### Brief
Filter the records below and copy every line containing the word "from".

#### Exercise materials

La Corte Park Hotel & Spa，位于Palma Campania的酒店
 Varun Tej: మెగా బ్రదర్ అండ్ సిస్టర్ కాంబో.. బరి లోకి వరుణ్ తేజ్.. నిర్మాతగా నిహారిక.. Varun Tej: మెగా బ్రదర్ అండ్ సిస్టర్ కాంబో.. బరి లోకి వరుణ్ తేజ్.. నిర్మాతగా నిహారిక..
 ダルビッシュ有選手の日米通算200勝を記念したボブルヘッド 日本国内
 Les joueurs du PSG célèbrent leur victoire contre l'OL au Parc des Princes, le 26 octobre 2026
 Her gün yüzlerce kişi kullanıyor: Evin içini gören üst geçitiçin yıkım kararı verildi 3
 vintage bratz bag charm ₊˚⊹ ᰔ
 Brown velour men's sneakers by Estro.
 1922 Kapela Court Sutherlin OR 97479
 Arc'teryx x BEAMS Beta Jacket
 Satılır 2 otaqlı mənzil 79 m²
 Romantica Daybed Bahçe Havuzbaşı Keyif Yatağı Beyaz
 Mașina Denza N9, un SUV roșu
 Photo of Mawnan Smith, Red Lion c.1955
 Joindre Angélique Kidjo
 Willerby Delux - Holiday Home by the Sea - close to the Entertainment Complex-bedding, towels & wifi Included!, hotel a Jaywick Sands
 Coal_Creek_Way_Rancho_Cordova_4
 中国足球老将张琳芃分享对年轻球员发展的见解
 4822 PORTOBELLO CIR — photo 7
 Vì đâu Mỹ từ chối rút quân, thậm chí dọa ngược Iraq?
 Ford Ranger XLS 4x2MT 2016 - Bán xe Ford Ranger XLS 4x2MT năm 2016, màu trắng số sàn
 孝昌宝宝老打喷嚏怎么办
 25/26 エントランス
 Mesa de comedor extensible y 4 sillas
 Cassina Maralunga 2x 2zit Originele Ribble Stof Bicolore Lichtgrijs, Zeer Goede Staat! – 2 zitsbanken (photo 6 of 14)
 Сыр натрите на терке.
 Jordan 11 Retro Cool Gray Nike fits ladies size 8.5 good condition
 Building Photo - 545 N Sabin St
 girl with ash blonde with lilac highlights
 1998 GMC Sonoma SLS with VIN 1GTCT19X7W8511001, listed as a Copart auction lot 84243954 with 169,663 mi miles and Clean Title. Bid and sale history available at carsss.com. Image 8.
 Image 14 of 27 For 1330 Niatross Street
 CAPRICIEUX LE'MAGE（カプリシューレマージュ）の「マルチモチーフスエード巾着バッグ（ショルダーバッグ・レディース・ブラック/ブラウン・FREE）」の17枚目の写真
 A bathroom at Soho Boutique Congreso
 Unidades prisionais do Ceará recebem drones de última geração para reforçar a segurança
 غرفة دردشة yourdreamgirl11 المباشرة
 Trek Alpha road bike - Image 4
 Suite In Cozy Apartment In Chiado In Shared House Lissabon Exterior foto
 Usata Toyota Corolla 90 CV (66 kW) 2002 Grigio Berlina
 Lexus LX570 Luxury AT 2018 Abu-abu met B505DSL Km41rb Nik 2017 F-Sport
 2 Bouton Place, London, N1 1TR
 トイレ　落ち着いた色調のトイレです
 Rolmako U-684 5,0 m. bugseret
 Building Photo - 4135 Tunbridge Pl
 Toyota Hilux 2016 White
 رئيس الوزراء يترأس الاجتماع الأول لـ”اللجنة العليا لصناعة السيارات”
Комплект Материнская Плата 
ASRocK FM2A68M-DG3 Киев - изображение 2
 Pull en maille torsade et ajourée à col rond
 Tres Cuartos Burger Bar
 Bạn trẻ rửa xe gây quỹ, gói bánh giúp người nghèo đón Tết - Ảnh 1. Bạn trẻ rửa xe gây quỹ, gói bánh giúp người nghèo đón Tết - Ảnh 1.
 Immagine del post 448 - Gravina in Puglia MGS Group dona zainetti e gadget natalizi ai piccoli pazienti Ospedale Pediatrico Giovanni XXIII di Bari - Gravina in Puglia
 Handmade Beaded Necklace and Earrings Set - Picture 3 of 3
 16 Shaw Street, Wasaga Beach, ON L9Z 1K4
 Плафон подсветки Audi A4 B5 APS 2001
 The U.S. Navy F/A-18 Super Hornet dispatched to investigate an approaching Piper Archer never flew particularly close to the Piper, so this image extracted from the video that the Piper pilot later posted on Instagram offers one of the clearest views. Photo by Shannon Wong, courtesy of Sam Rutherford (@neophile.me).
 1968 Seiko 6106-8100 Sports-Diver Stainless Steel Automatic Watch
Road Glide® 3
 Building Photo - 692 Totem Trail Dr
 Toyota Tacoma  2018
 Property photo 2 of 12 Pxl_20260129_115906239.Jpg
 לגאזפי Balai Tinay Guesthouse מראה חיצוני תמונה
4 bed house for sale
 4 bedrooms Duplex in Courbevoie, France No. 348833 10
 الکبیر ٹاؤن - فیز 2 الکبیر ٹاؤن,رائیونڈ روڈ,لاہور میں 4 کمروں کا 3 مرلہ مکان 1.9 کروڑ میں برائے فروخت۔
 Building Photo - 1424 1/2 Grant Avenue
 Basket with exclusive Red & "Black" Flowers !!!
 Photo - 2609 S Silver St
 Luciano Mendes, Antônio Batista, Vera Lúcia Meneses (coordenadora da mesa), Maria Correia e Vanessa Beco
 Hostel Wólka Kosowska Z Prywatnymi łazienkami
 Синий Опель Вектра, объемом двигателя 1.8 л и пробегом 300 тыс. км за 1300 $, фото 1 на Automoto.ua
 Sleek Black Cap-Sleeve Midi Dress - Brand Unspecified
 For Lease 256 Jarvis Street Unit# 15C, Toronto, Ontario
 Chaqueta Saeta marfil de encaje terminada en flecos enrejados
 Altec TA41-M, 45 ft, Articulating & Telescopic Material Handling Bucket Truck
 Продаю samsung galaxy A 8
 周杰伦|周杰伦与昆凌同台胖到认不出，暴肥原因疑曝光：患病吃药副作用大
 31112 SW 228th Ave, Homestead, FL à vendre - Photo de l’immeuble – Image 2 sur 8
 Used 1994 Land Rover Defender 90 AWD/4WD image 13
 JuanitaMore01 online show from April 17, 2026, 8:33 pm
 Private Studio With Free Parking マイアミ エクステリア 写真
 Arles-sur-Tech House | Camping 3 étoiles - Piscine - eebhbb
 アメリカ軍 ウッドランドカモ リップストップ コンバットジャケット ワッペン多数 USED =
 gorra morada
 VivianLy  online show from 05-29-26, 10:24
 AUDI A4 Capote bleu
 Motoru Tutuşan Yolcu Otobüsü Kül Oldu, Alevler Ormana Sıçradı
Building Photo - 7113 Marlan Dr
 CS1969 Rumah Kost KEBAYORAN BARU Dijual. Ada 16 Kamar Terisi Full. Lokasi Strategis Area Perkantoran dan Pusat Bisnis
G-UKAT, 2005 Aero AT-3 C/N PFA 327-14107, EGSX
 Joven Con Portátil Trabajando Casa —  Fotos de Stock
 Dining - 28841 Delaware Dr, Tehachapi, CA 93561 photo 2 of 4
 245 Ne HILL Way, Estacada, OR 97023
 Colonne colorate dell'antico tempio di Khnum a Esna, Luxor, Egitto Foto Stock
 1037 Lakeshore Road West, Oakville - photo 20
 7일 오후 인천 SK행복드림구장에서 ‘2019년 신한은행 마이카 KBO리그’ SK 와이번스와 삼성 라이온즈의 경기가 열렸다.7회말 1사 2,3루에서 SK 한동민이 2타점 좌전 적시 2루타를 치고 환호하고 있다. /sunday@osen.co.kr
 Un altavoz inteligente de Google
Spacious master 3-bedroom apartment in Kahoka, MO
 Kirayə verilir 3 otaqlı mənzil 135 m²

########

### Exercise answer
 The U.S. Navy F/A-18 Super Hornet dispatched to investigate an approaching Piper Archer never flew particularly close to the Piper, so this image extracted from the video that the Piper pilot later posted on Instagram offers one of the clearest views. Photo by Shannon Wong, courtesy of Sam Rutherford (@neophile.me).
 JuanitaMore01 online show from April 17, 2026, 8:33 pm
 VivianLy  online show from 05-29-26, 10:24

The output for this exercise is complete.